4. If an editor says he or she will publish your story provided you change Flicka from a horse to a dog and you believe you can make a plausible dog of the character, it is okay to change, but if you are still convinced Flicka must be a horse, thank the editor and walk away. Your pal, Barnaby Conrad, wrote a novel called Matador, a fictionalized version of the last day of a bullfighter named Pacote, modeled closely on the last day of the real bull fighter Manuel Sanchez, known as Manolete. One film producer loved the story, wanted to acquire the screen rights provided Conrad would be willing to change the character of Pacote to a prize fighter. Conrad said no.
5. If your friends love your work, will you secretly wonder if they have any taste?
6. If your friends don't get your work,will you secretly wonder if they have any taste?
7. It is not so much about story or theme as it is about your enthusiasm and vision.
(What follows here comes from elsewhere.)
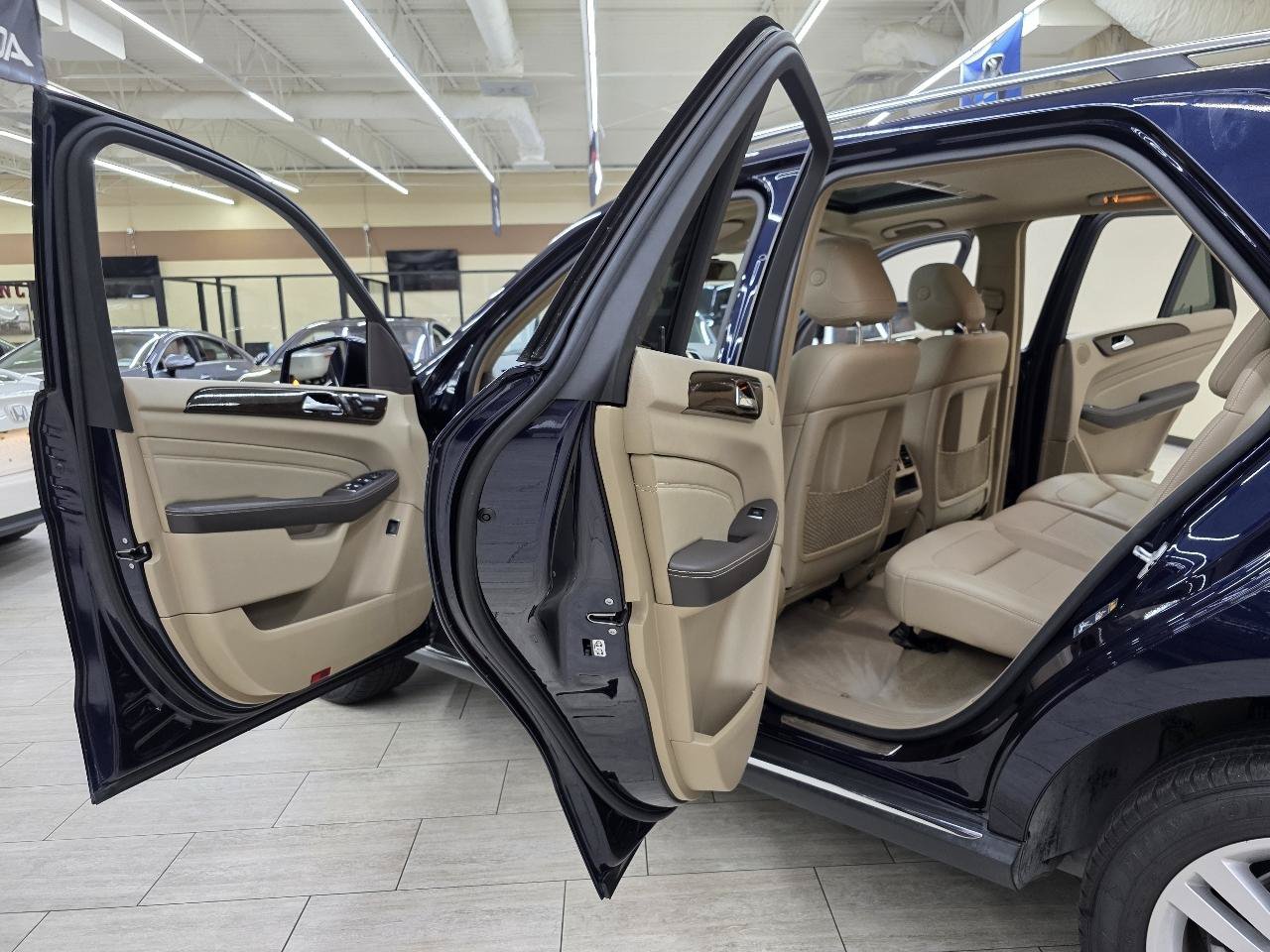 Used 2015 Mercedes-Benz ML 350 2WD w/ Premium 1 Package image 17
Who'd a thunk another book on Henry VIII would sell? Hilary Mantel did and poured it on.
8. How do you get the voices of others out of your head? Try listening to the voices of your characters or themes.
9. Even with so-called formula fiction, the characters have to have enough of a voice to convince you they are real.
10. The Islam equivalent of the sabbath is Friday, the Jewish sabbath is Saturday, the Christian day is Sunday. Some Buddhist sects will ask you What's that? if you ask them if they believe in God. Who is right?
11. You have enough to listen to with your own voices and those of your characters. NPR is okay for news; Terri Gross, tempting as she is, remains a gamble.
12. Look where listening to outer voices got Joan; sold to the English and burned at the stake is what.